**WHAT THE TASK REQUIRES**
Every entry, start to finish, should be printed verbatim without pictures.

EXERCISE INPUT Start Marker

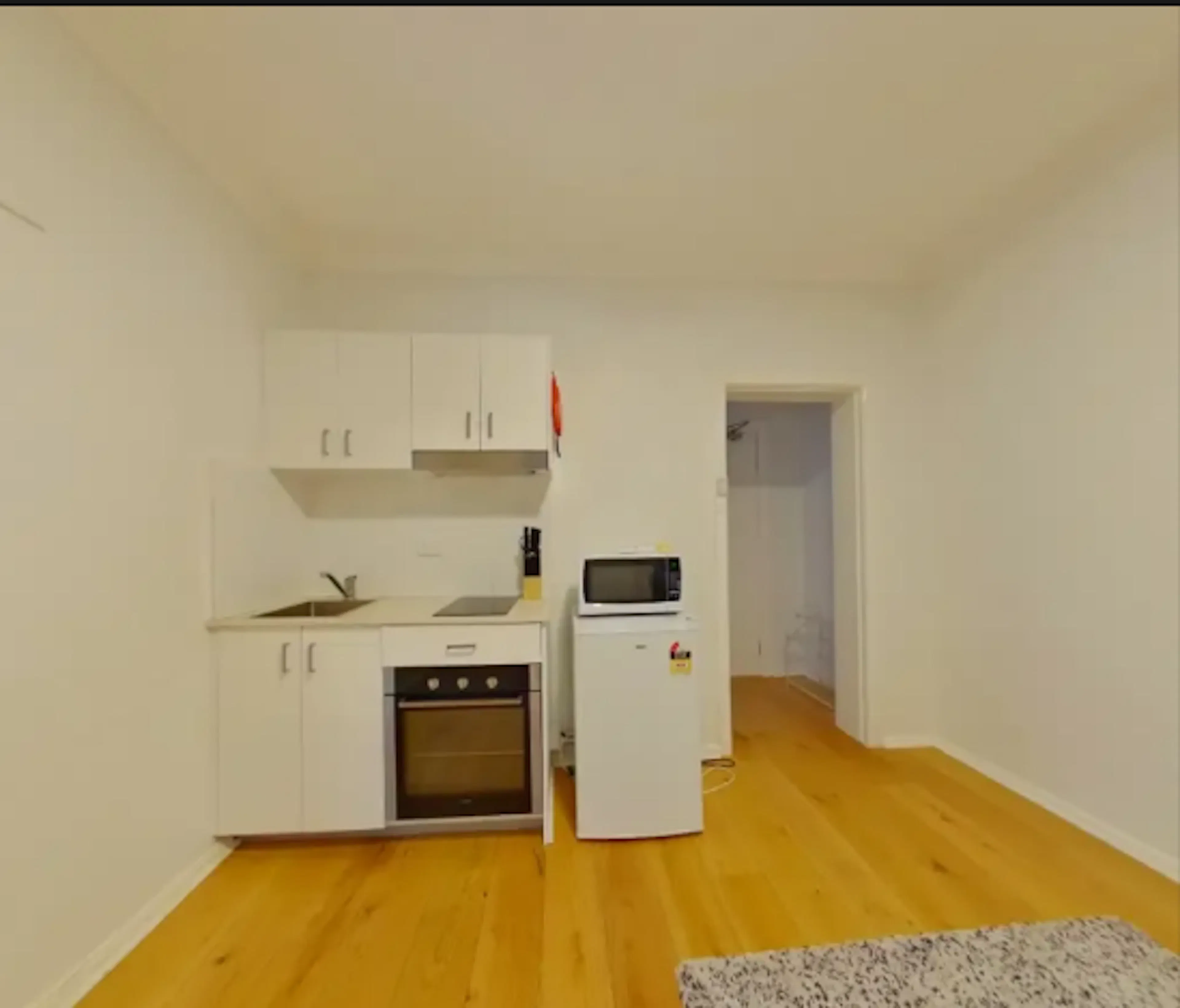 Room 4 KITCHEN 3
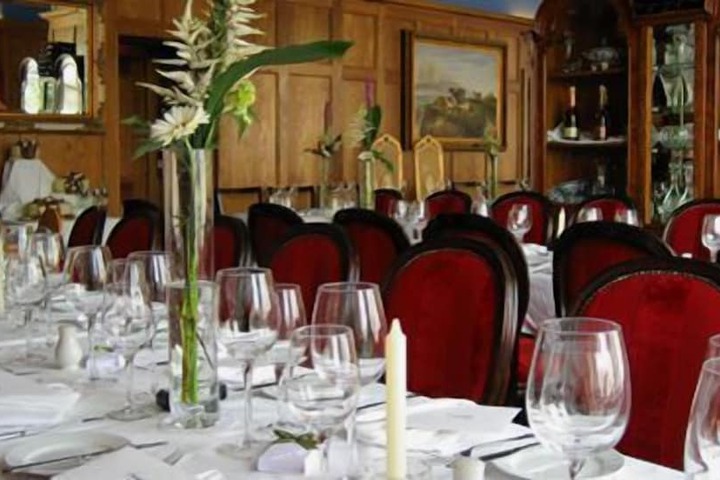 Dining 6 of 10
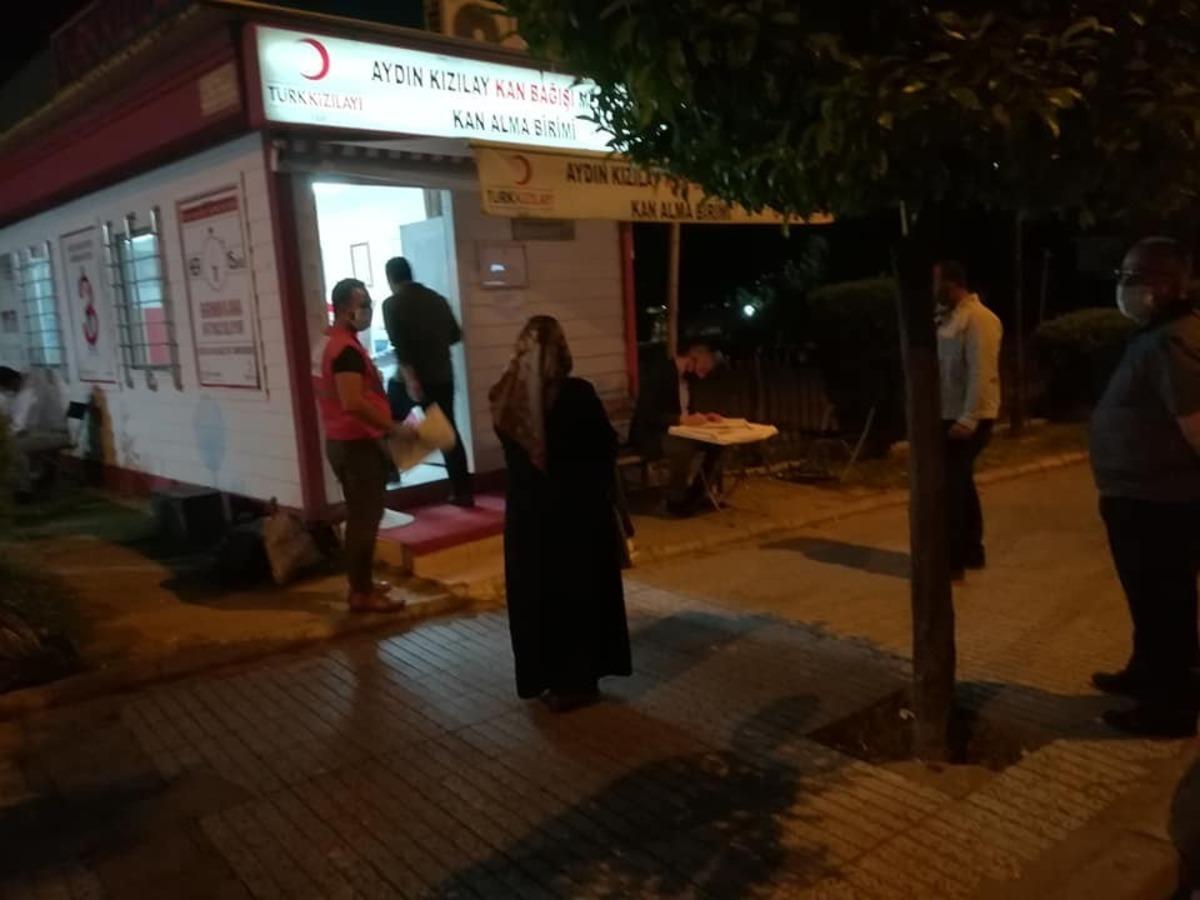 Proje Anadolu İmam Hatip Lisesi&rsquo;nden Kızılay&rsquo;a kan bağışı desteği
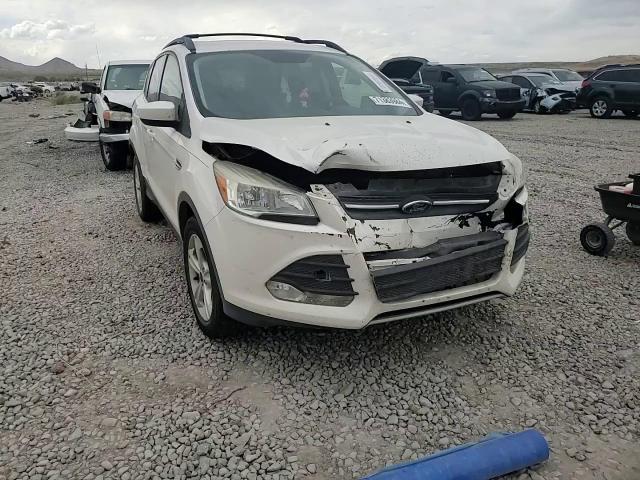 1FMCU9G98GUC12573 2016 Ford Escape Se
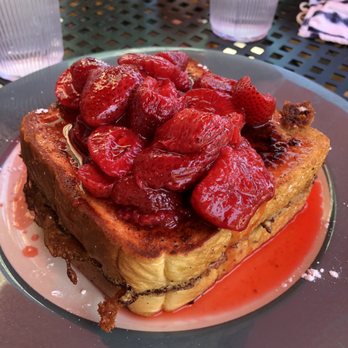 Lake-Aire Restaurant - Stuffed French toast with strawberries - Breakfast & Brunch Near Me - Lake Geneva, Wisconsin Lake-Aire Restaurant - Stuffed French toast with strawberries - Breakfast & Brunch Near Me - Lake Geneva, Wisconsin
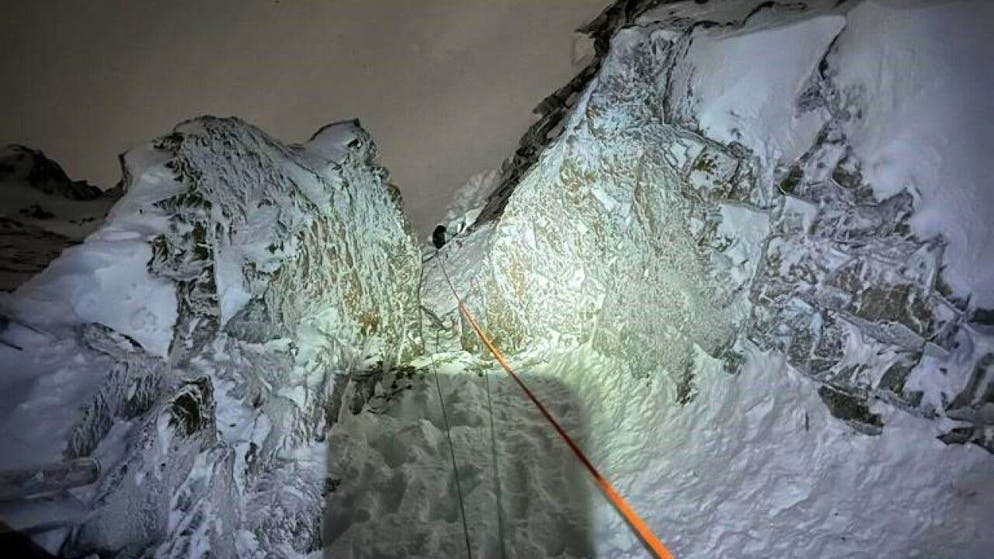 Die Rega und zwei Bergretter des SAC konnten am Wochenende drei Alpinisten im Berner Oberland retten.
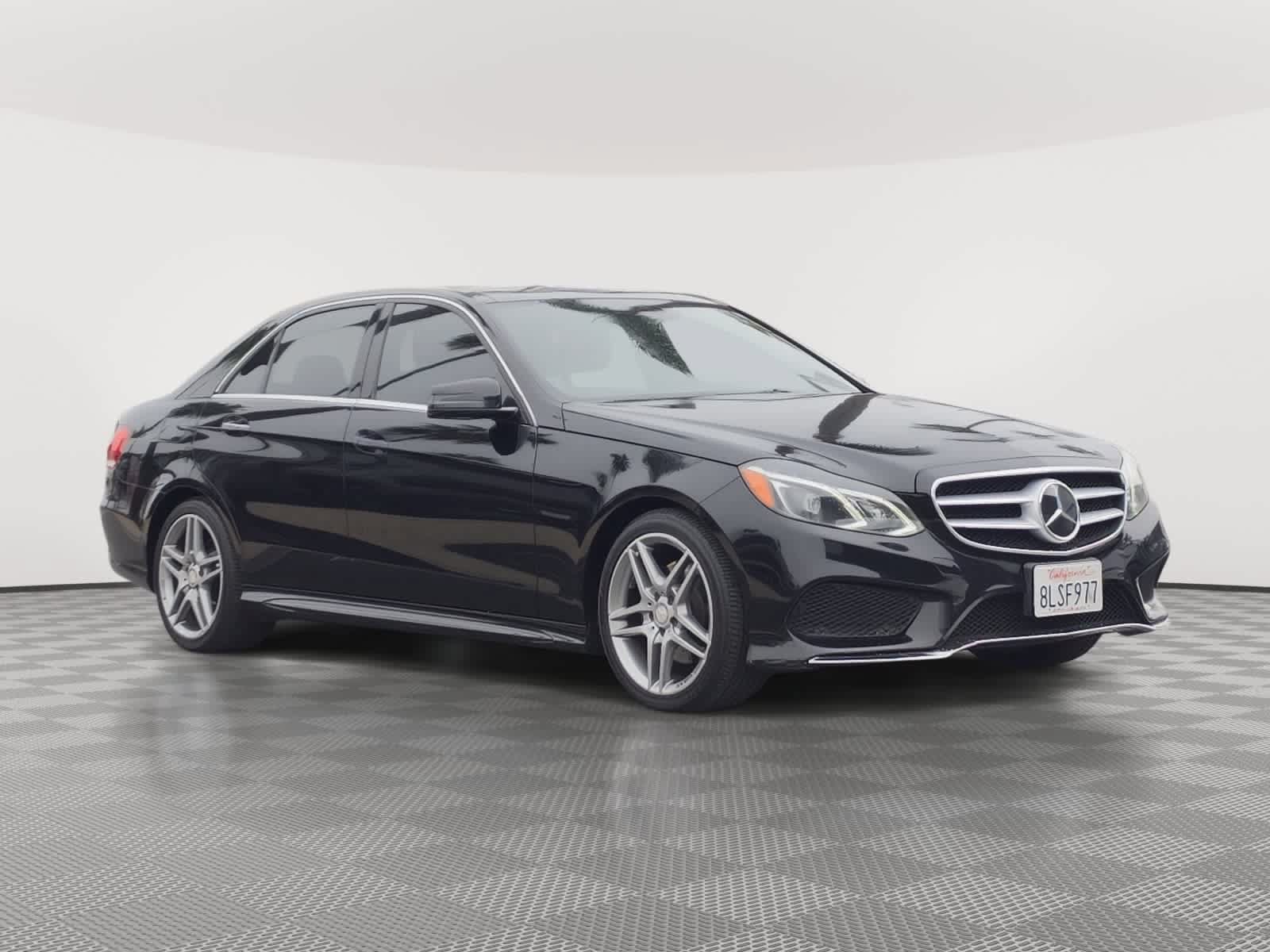 Used 2016 Mercedes-Benz E 400 Sedan w/ Driver Assistance Package image 3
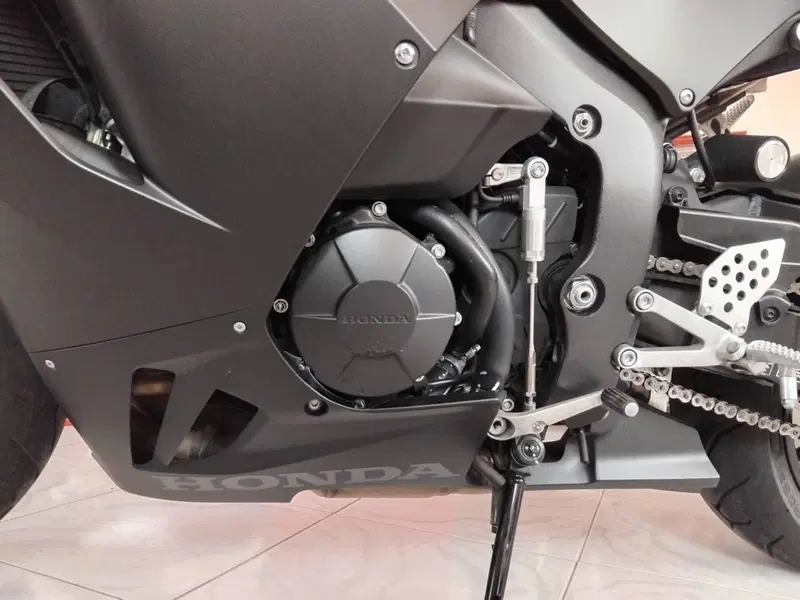Honda CBR 600 RR (2024 - 26) (7)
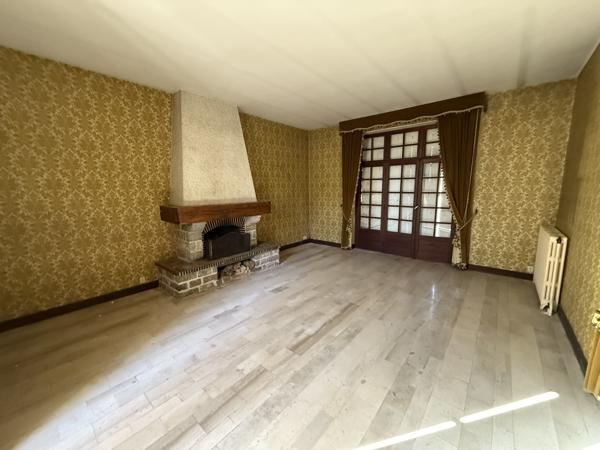 Angerville (91670) Maison de village aux grands volumes avec dépendances aménageables à 15 minutes d’Angerville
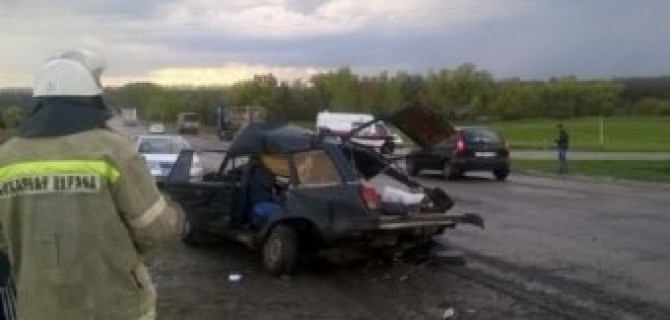 Под Воронежем в ДТП разбилась семья с младенцем
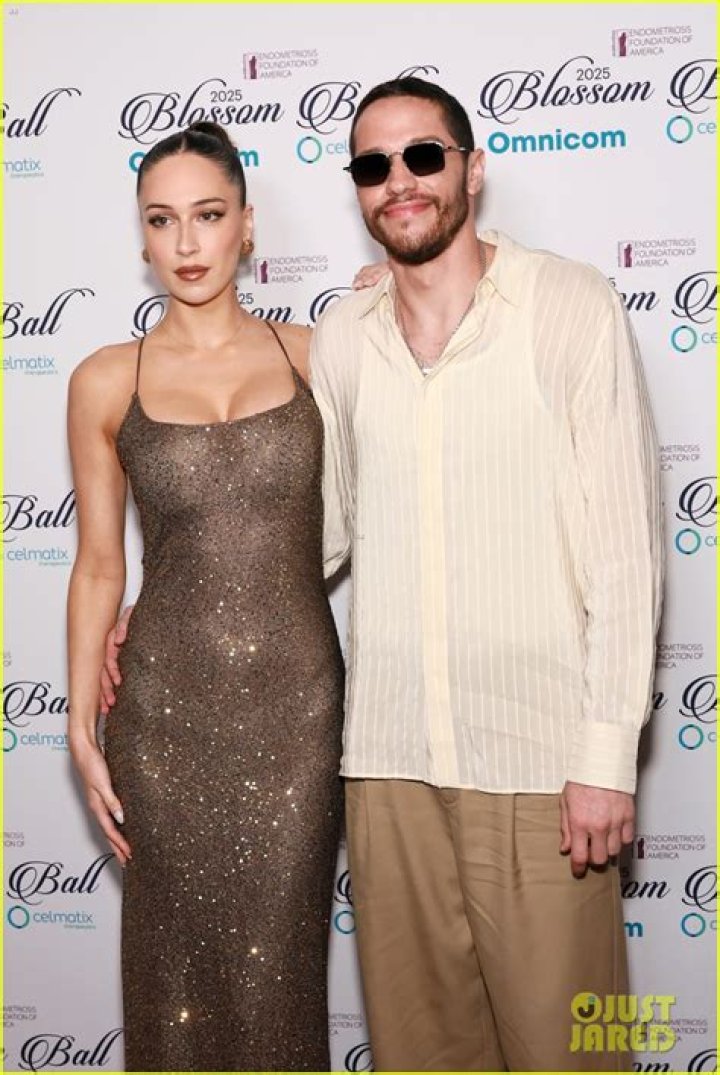 Who is Pete Davidson currently dating?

EXERCISE INPUT End Marker

**TASK SOLUTION**
 Room 4 KITCHEN 3
 Dining 6 of 10
 Proje Anadolu İmam Hatip Lisesi&rsquo;nden Kızılay&rsquo;a kan bağışı desteği
 1FMCU9G98GUC12573 2016 Ford Escape Se
 Lake-Aire Restaurant - Stuffed French toast with strawberries - Breakfast & Brunch Near Me - Lake Geneva, Wisconsin Lake-Aire Restaurant - Stuffed French toast with strawberries - Breakfast & Brunch Near Me - Lake Geneva, Wisconsin
 Die Rega und zwei Bergretter des SAC konnten am Wochenende drei Alpinisten im Berner Oberland retten.
 Used 2016 Mercedes-Benz E 400 Sedan w/ Driver Assistance Package image 3
Honda CBR 600 RR (2024 - 26) (7)
 Angerville (91670) Maison de village aux grands volumes avec dépendances aménageables à 15 minutes d’Angerville
 Под Воронежем в ДТП разбилась семья с младенцем
 Who is Pete Davidson currently dating?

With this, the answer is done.